Jakarta, FORTUNE - Menteri Keuangan Sri Mulyani Indrawati memproyeksikan perekonomian kuartal III-2024 akan tumbuh pada kisaran 5,06 persen. Angka tersebut sejalan dengan target pertumbuhan ekonomi yang dipatok pemerintah dalam APBN 2024, yakni sekitar 5,2 persen.
"Kita lihat untuk pertumbuhan ekonomi, APBN 2024 menggunakan asumsi 5,2 persen. Untuk semester I kita adalah di 5,08 persen, kuartal II di 5,05 persen. Kami memperkirakan kuartal III masih akan relatif stabil, sedikit di atas 5 persen. Menurut estimasi BKF di 5,06 persen. Jadi ini mungkin masih akan on track di sekitar angka tersebut," ujarnya dalam konferensi pers APBN KiTA, Senin (23/9).
Selain pertumbuhan ekonomi, Sri Mulyani juga melaporkan realisasi inflasi secara tahunan (year on year/yoy) masih berada pada 2,12 persen. Angka ini masih berada pada kisaran target APBN, yakni sebesar 2,8 persen.
"Jadi, masih sedikit di bawah asumsi APBN 2024. Ini cukup baik. Berarti kita mampu mengendalikan sesuai dengan asumsi," ujarnya.
Kemudian, nilai tukar rupiah terhadap dolar (US$) realisasinya mencapai Rp15.897 secara tahun kalender (year to date) dan Rp15.287 pada akhir periode (end of period/eop) atau Agustus 2024.
"Kalau kita lihat rata-rata satu tahun ini, apresiasi sudah 0,84 persen," katanya.
Kemudian, yield SBN 10 tahun Indonesia berada pada 6,81 persen ytd dan 6,53 persen eop. Angka tersebut juga masih pada kisaran target APBN yang sebesar 6,7 persen.
"Masih ada di sekitar atau dekat dengan asumsi 2024," ujarnya.
Untuk harga minyak mentah Indonesia (Indonesian crude price/ICP), dari asumsi APBN sebesar US$80 per barel, realisasinya mencapai US$81,02 per barel ytd.
"Nah, ini masih sangat dekat meskipun end of period di bawah US$80 per barel yaitu US$78,5 per barel," katanya.
Sedangkan untuk lifting minyak, dari target 635.000 barel per hari, realisasinya mencapai 569.000 barel per hari.

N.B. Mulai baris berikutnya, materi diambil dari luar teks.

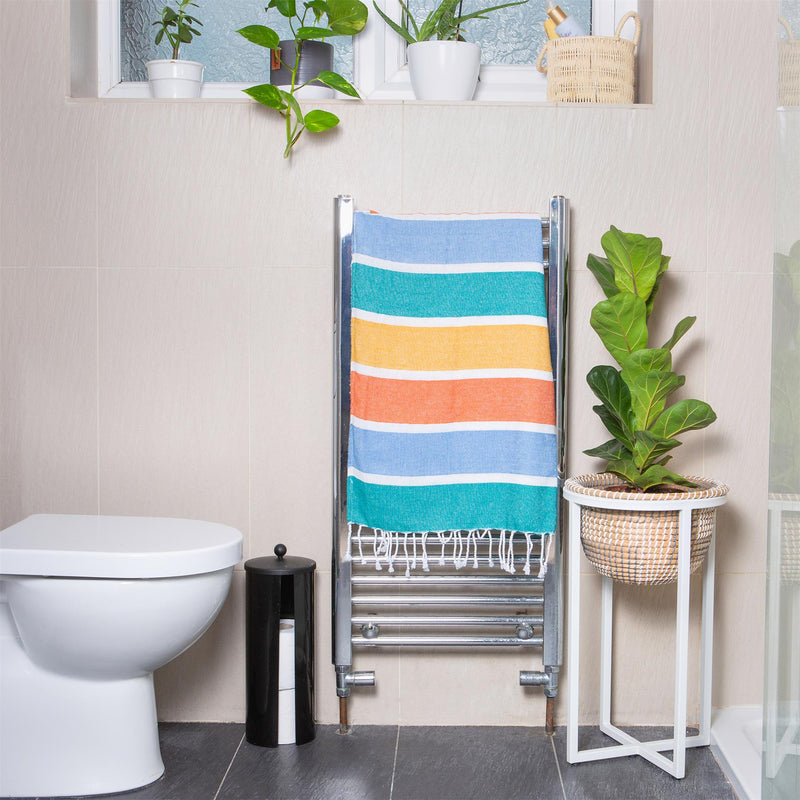 Nicola Spring Turkish Cotton Bath Towel - Multicolour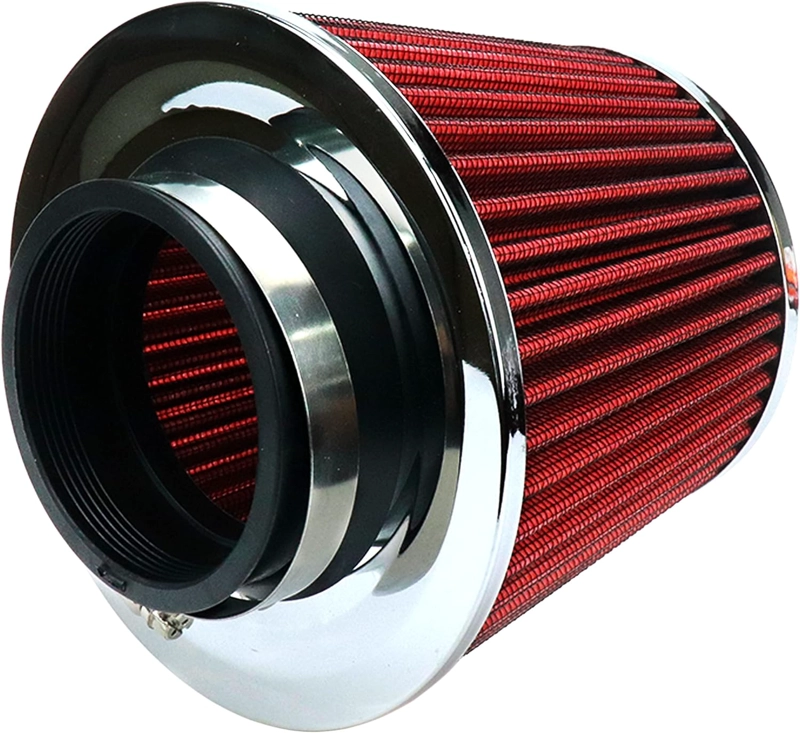 FILTRO DE AIRE CONICO ROJO 75MM AUTO TUNING ALTO FLUJO - 1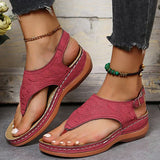Céliane - Handgefertigte Sandalen Kollektion – Rot
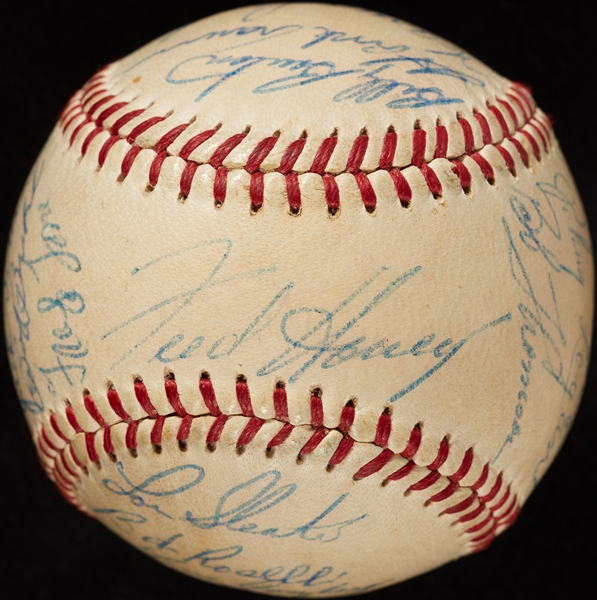 1956 Milwaukee Braves Team-Signed ONL Baseball (BAS)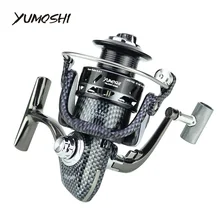 Yumoshi колеса литье спиннинг катушка рыбалка 5,5: 1 12BB+ 1 алюминий основной корпус Карп Рыболовные катушки Sea Rock прялка pesca BM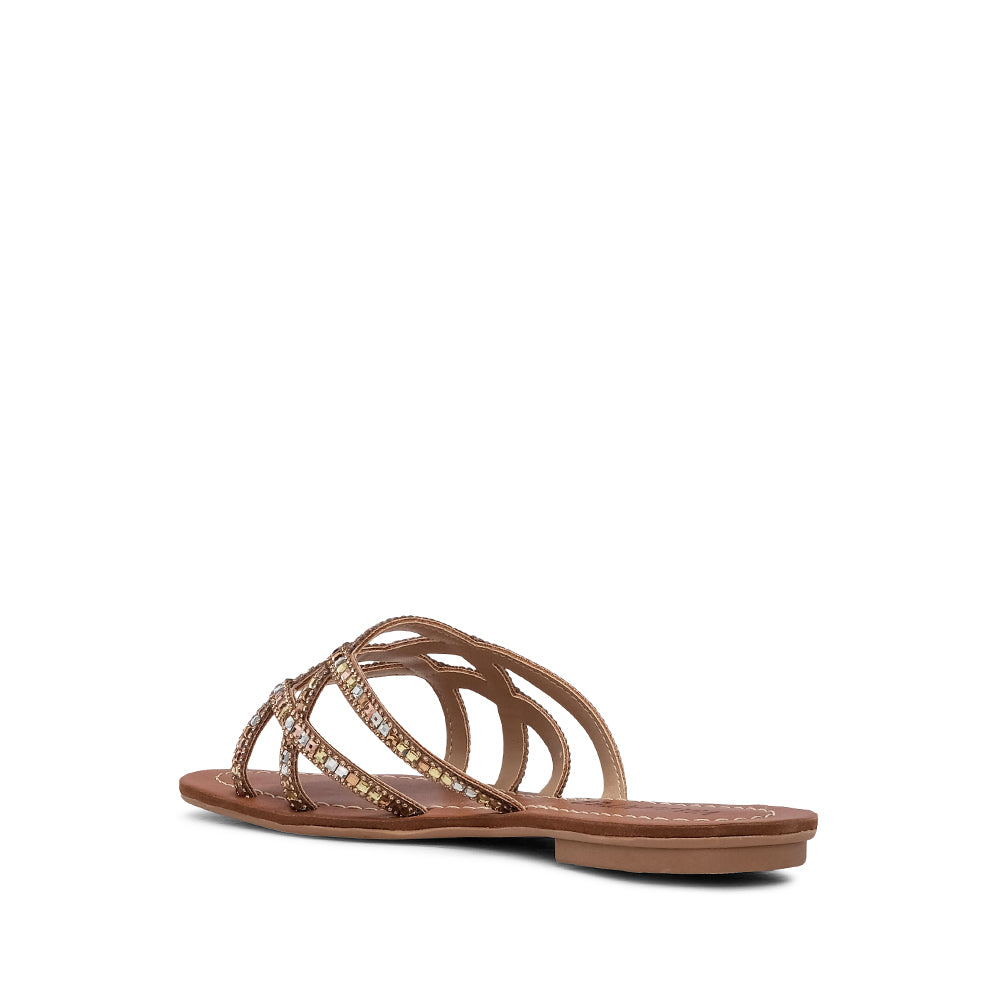 Chinelo Casual Mulher Nude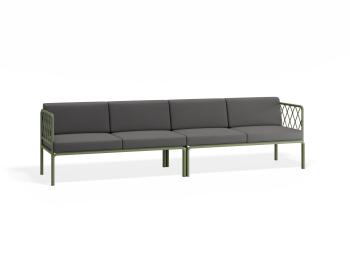 Seville 4 Seater Outdoor Eucalyptus Green Sofa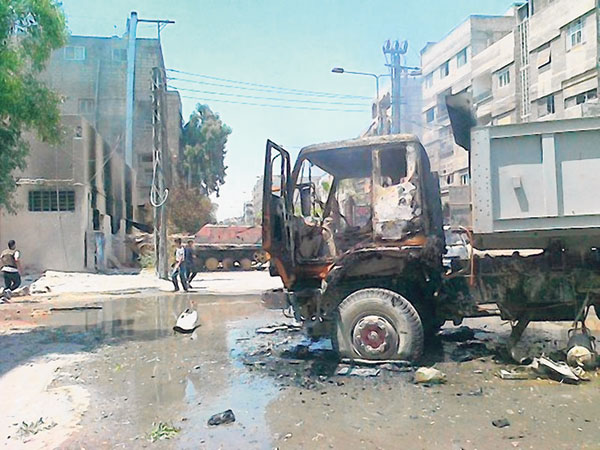 Tentera Bashar bertempur di Damsyik, Syria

"Realisasinya jauh di bawah asumsi APBN, demikian juga dengan lifting gas yang realisasinya 969,1 juta barel per hari sedangkan asumsi APBN 1,033 juta barel per hari. Ini yang menyebabkan PNBP migas kita mengalami kontraksi tinggi. Karena lifting minyak dan gas jauh di bawah yang diasumsikan sementara harga minyaknya cenderung melemah di bawah asumsi," ujarnya.